In [38]:
import torch
 
print(f"PyTorch version {torch.__version__}")
if torch.cuda.is_available():
    print("CUDA GPU")
elif torch.mps.is_available():
    print("Apple Silicon GPU")
else:
    print("Only CPU")  


PyTorch version 2.9.1
Apple Silicon GPU


In [39]:
# Download only the tokenizer for the base Qwen3-small model
  # - kind="base": Downloads the base model (not fine-tuned)
  # - tokenizer_only=True: Only downloads tokenizer files, not model weights
  # - out_dir="qwen3": Saves tokenizer files to ./qwen3/ directory
  
from reasoning_from_scratch.qwen3 import download_qwen3_small
download_qwen3_small(kind="base", tokenizer_only=True, out_dir="qwen3")

In [40]:
#Load the tokenizer settings from the tokenizer file into the Qwen3Tokenizer
from pathlib import Path
from reasoning_from_scratch.qwen3 import Qwen3Tokenizer
 
tokenizer_path = Path("qwen3") / "tokenizer-base.json"
tokenizer = Qwen3Tokenizer(tokenizer_file_path=tokenizer_path)

In [41]:
prompt = "Explain large language models."
input_token_ids_list = tokenizer.encode(prompt)
print(f"The input tokens are: {input_token_ids_list}")

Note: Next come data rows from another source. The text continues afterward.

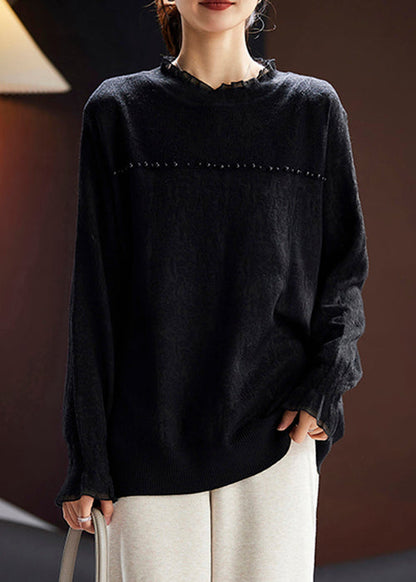 Polished Top with an Effortless Classic Look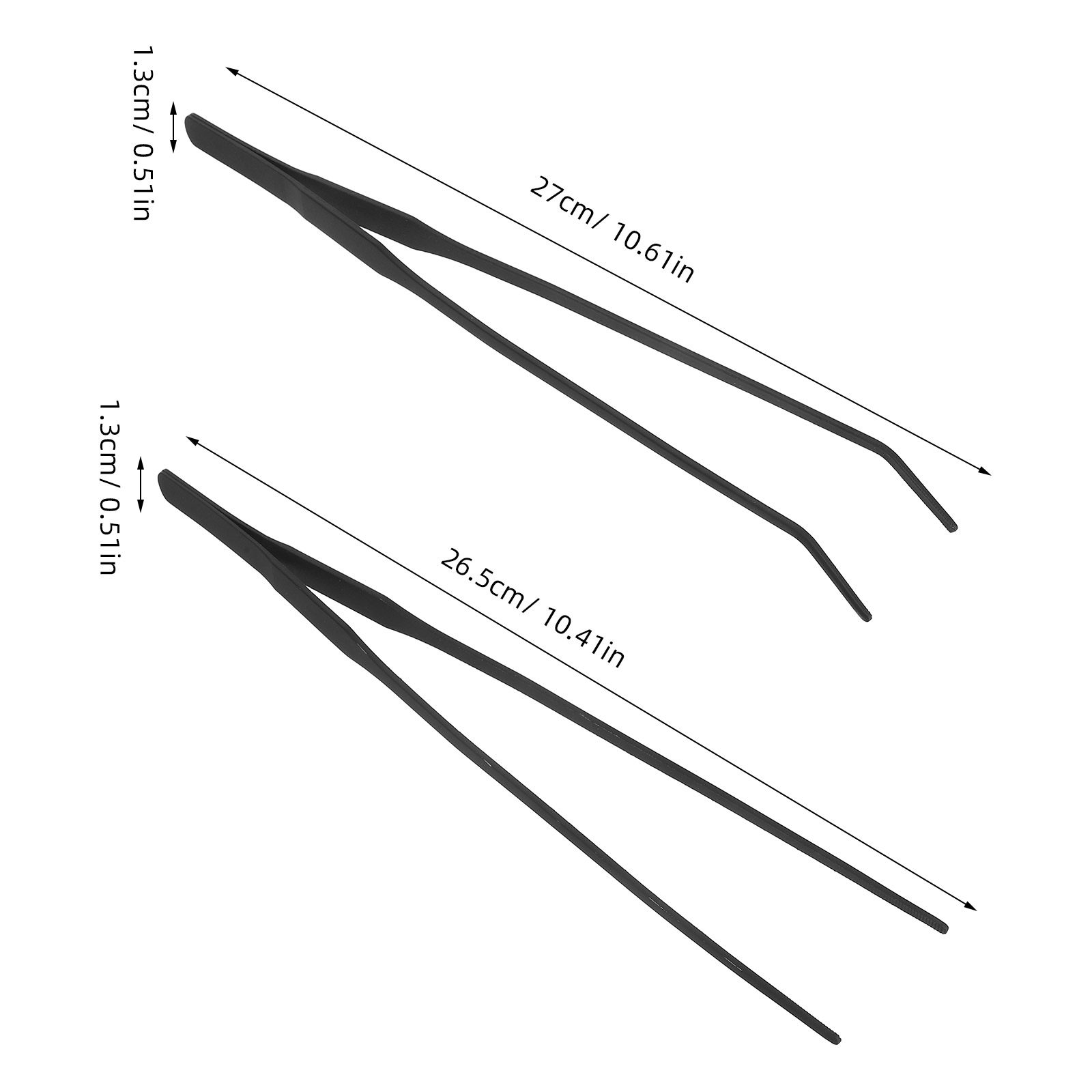 4pcs Aquarium Tweezers Stainle - Planted Aquarium Tool Kit ulasan dan harga
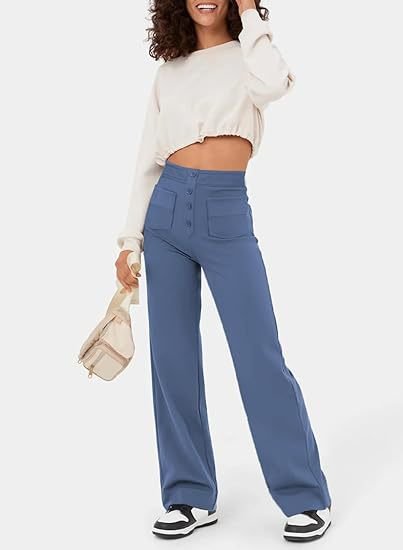ACTIE! StretchStyle | Comfortabele Casual Broek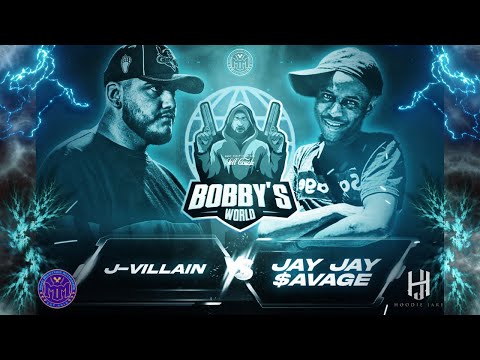 J-Villain vs JayJay $avage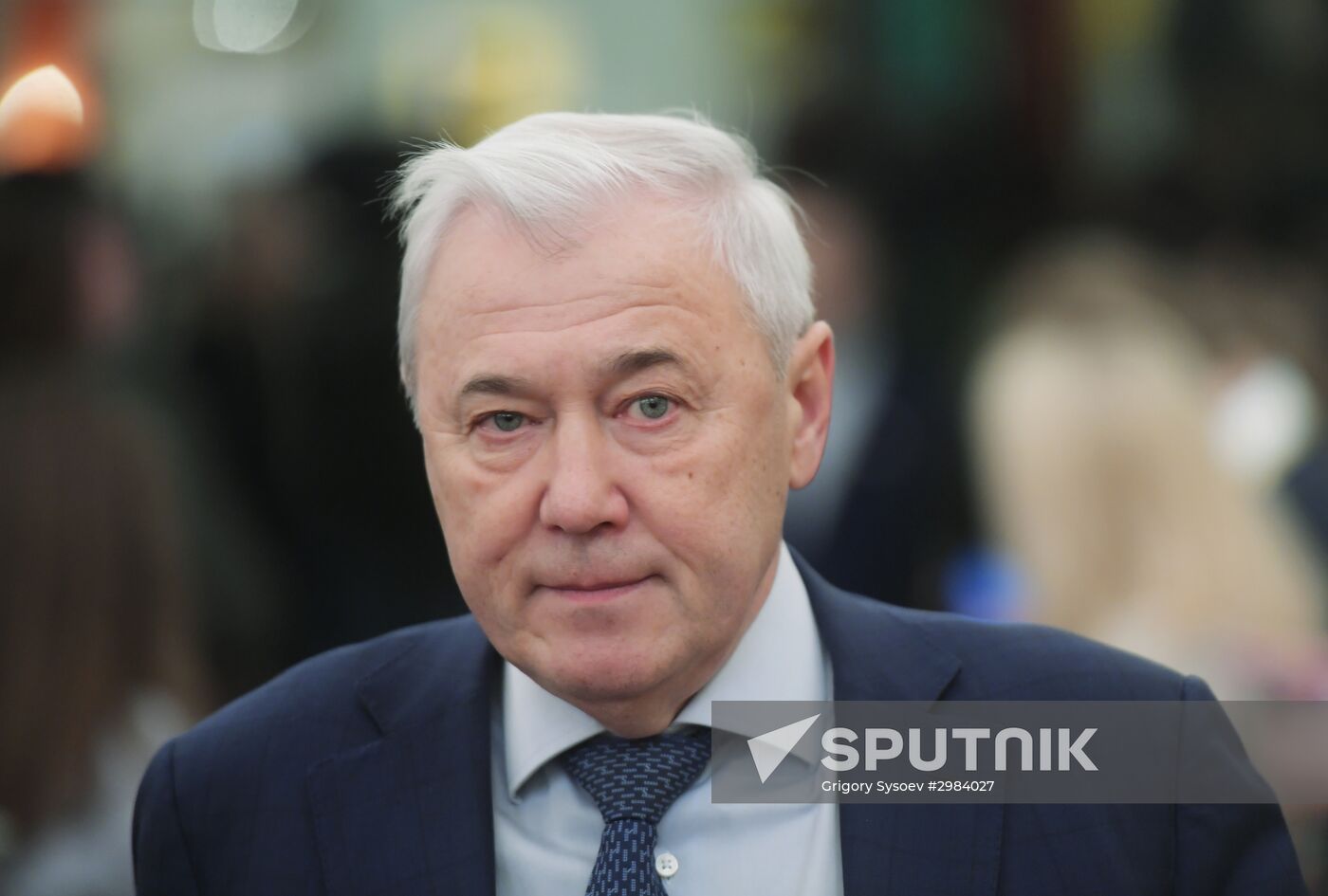 Vladimir Putin's Annual Presidential Address to the Federal Assembly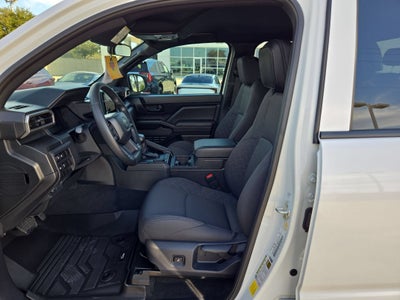 2024 Toyota Tacoma 2WD SR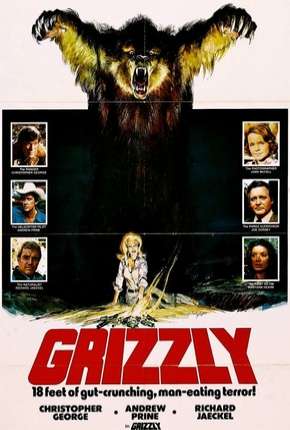 Grizzly - A Fera Assassina Dublado Torrent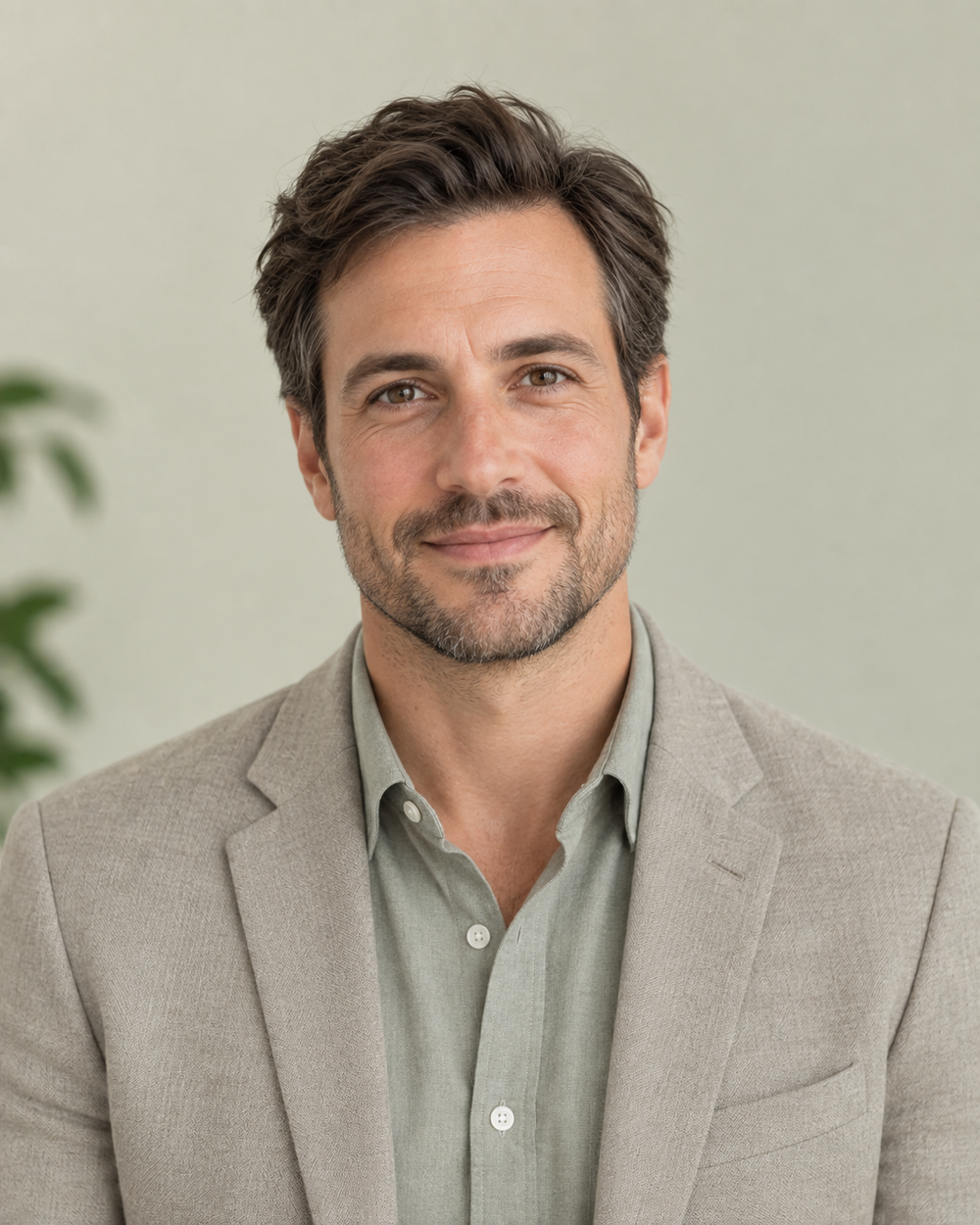 Dr Karim Mansouri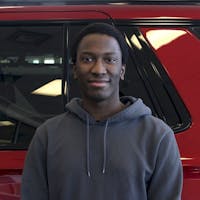 Odell Nelson at Sherwood Park Chevrolet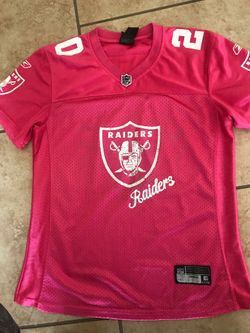 NFL Raiders McFadden Jersey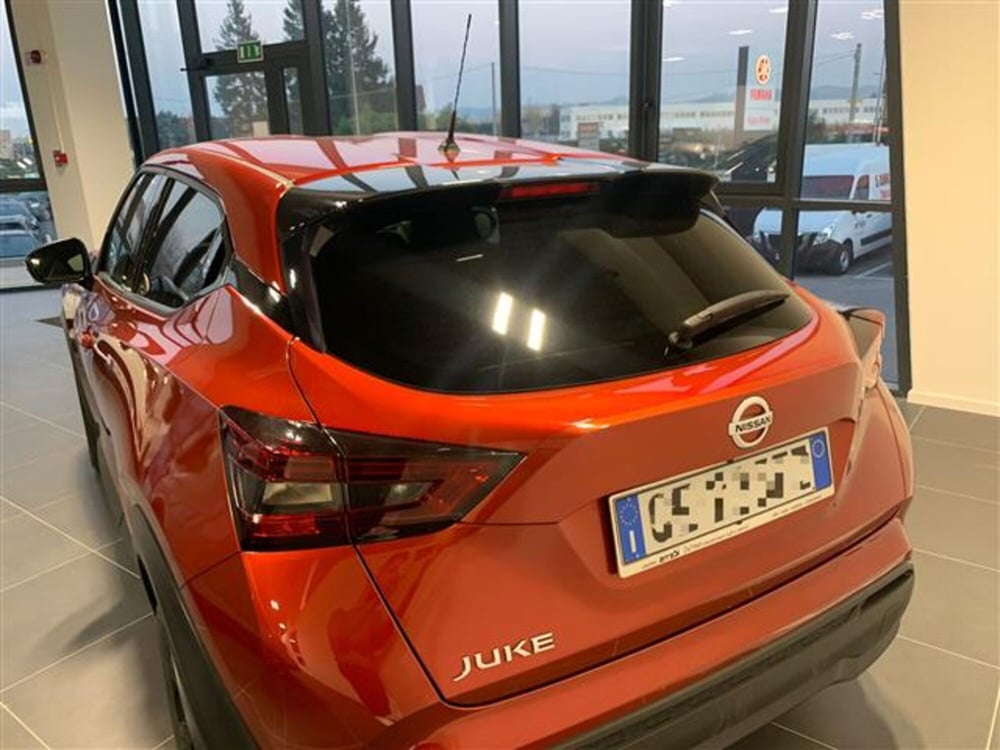 Nissan Juke usata a Asti (7)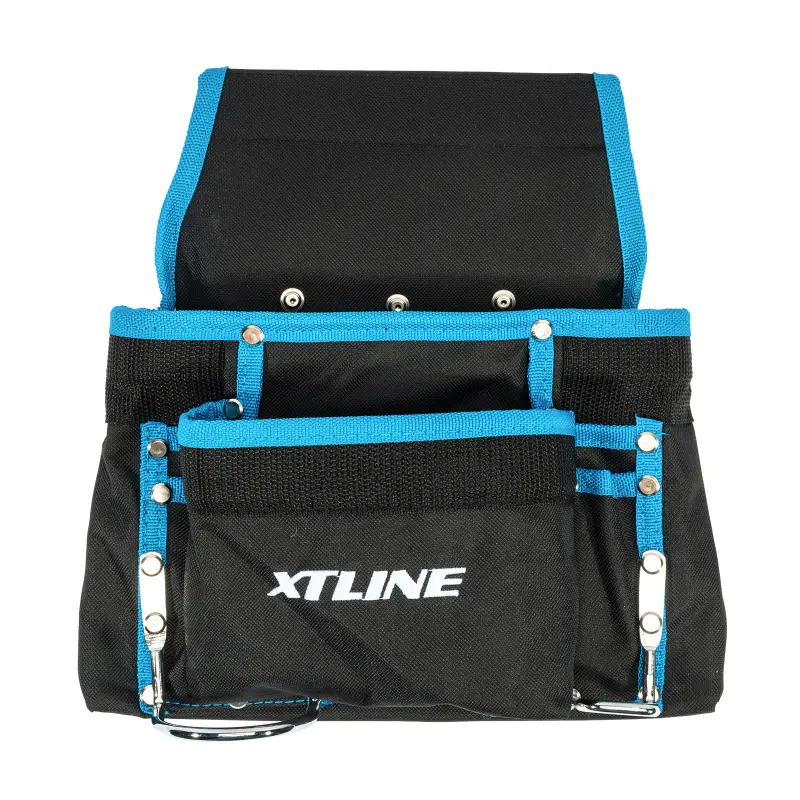 Pouzdro na nářadí 8 kapes + 2 držáky Pouzdro na nářadí 8 kapes + 2 držáky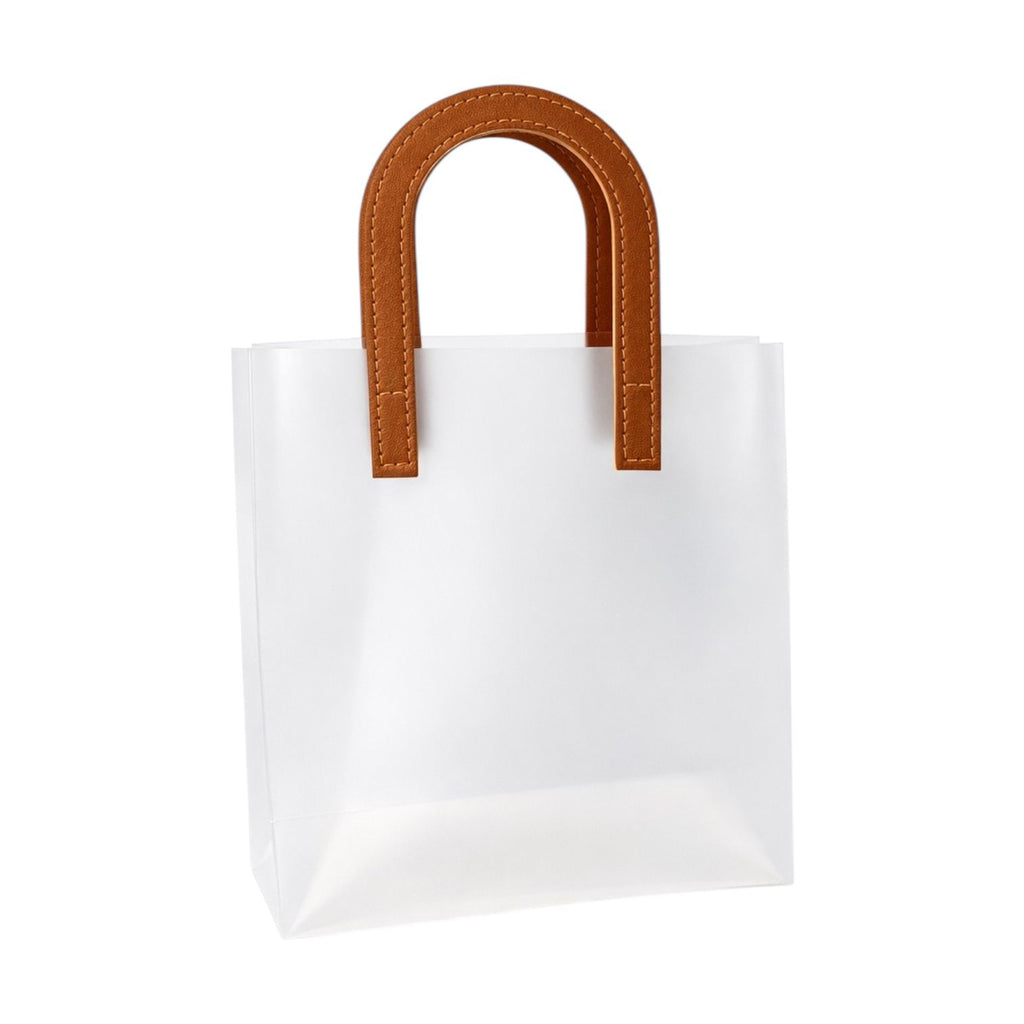 BOLSA DE REGALO PEQUEÑA CON AGARRADERA 16X18.5X8CM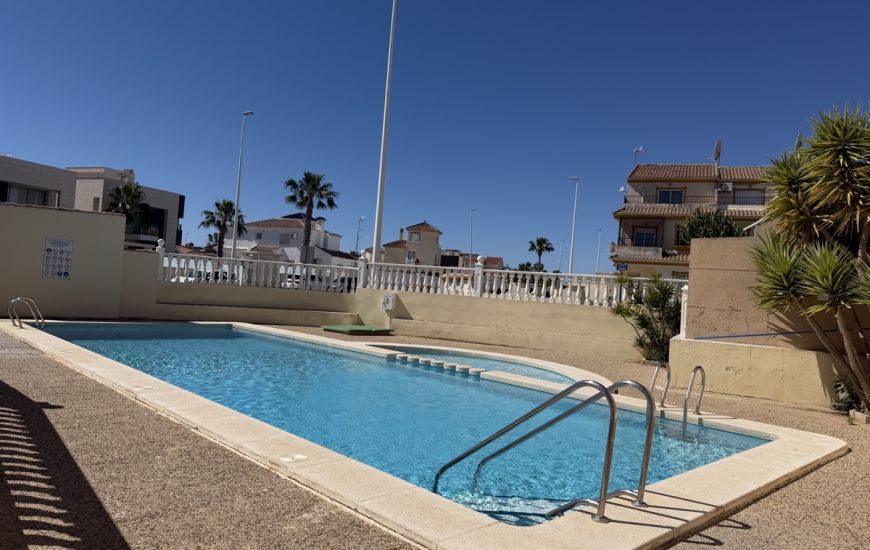 Sale - Apartments - La Zenia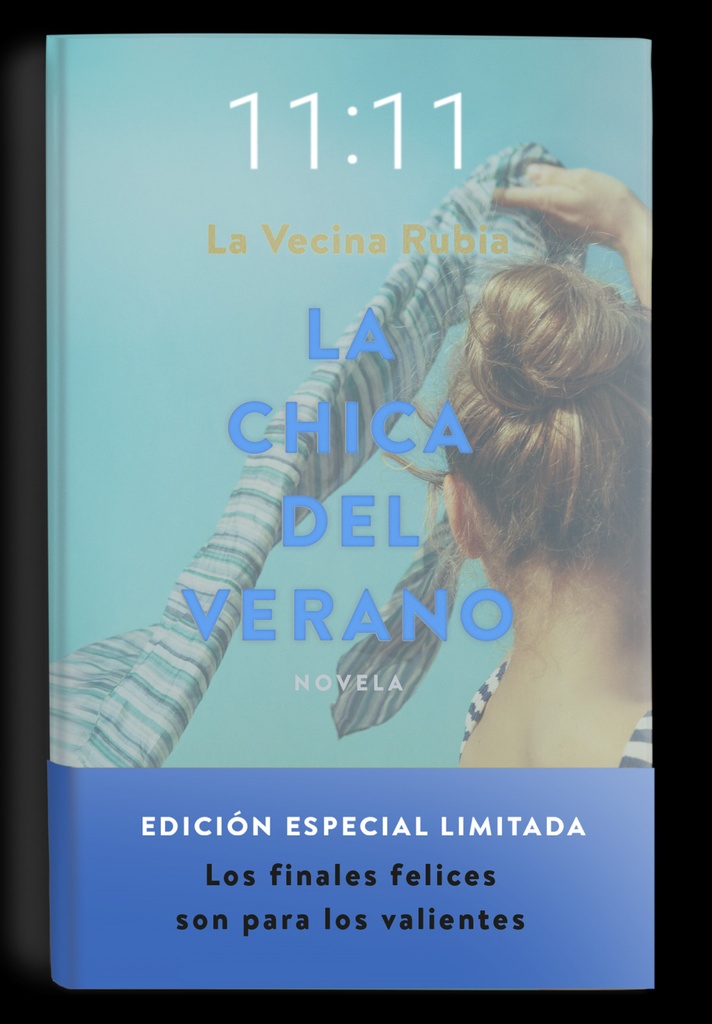 [9788448040932] La Chica del Verano. Edicón Especial en Tapa Dura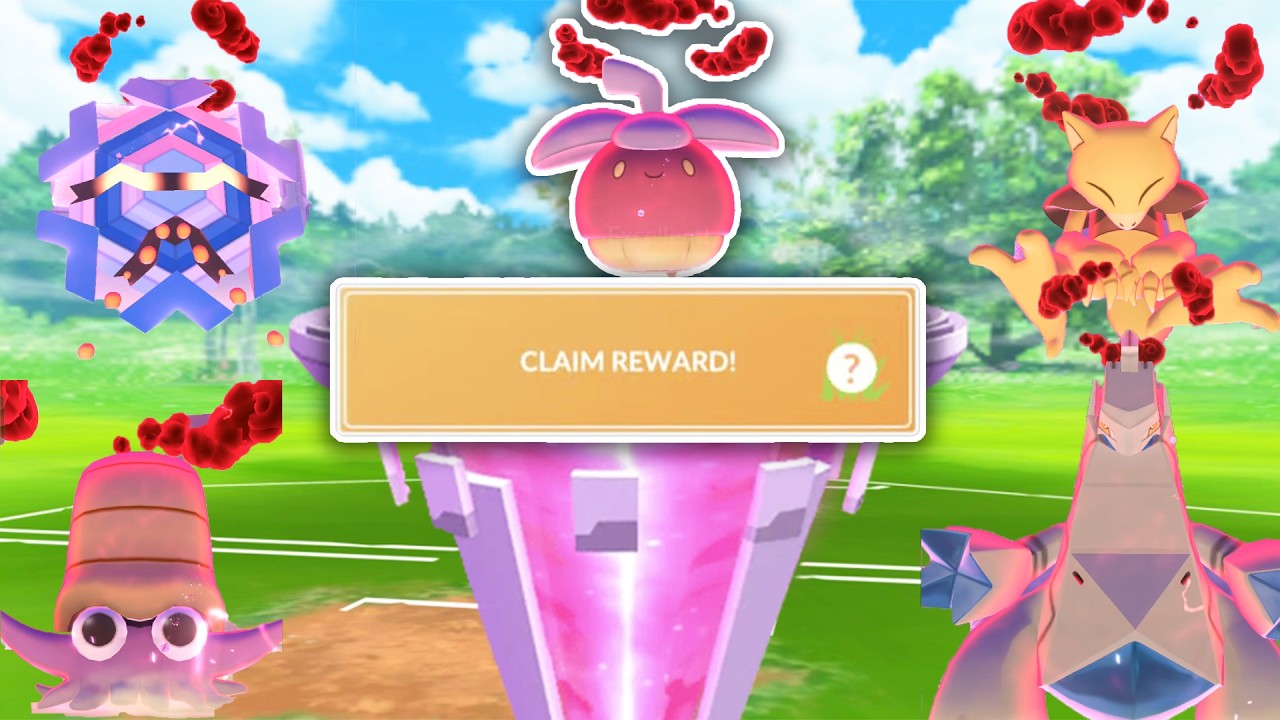 Every Pokemon GO Player's Dream: Dynamax Edition ( Part 1)| Pokemon go ||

The input tokens are: [840, 20772, 3460, 4128, 4119, 13]


In [42]:
text = tokenizer.decode(input_token_ids_list)
print(f"The decoded text is: {text}")

The decoded text is: Explain large language models.


In [43]:
for i in input_token_ids_list:
    print(f"{i} ---> {tokenizer.decode([i])}")

840 ---> Ex
20772 ---> plain
3460 --->  large
4128 --->  language
4119 --->  models
13 ---> .


In [44]:
def get_device(enable_tensor_cores=True):
    if torch.cuda.is_available():
        device = torch.device("cuda")
        print("Using NVIDIA CUDA GPU")
        
        if enable_tensor_cores:
            major, minor = map(int, torch.__version__.split(".")[:2])
            if (major, minor) >= (2, 9):
                torch.backends.cuda.matmul.fp32_precision = "tf32"
                torch.backends.cudnn.conv.fp32_precision = "tf32"
            else:
                torch.backends.cuda.matmul.allow_tf32 = True
                torch.backends.cudnn.allow_tf32 = True
 
    elif torch.backends.mps.is_available():
        device = torch.device("mps")
        print("Using Apple Silicon GPU (MPS)")
 
    elif torch.xpu.is_available():
        device = torch.device("xpu")
        print("Using Intel GPU")
 
    else:
        device = torch.device("cpu")
        print("Using CPU")
 
    return device  
    


In [45]:
device = get_device()

Using Apple Silicon GPU (MPS)


In [46]:
#device = torch.device("cpu")

In [47]:
#Download the base Qwen3 0.6B weights
download_qwen3_small(kind="base", tokenizer_only=False, out_dir="qwen3")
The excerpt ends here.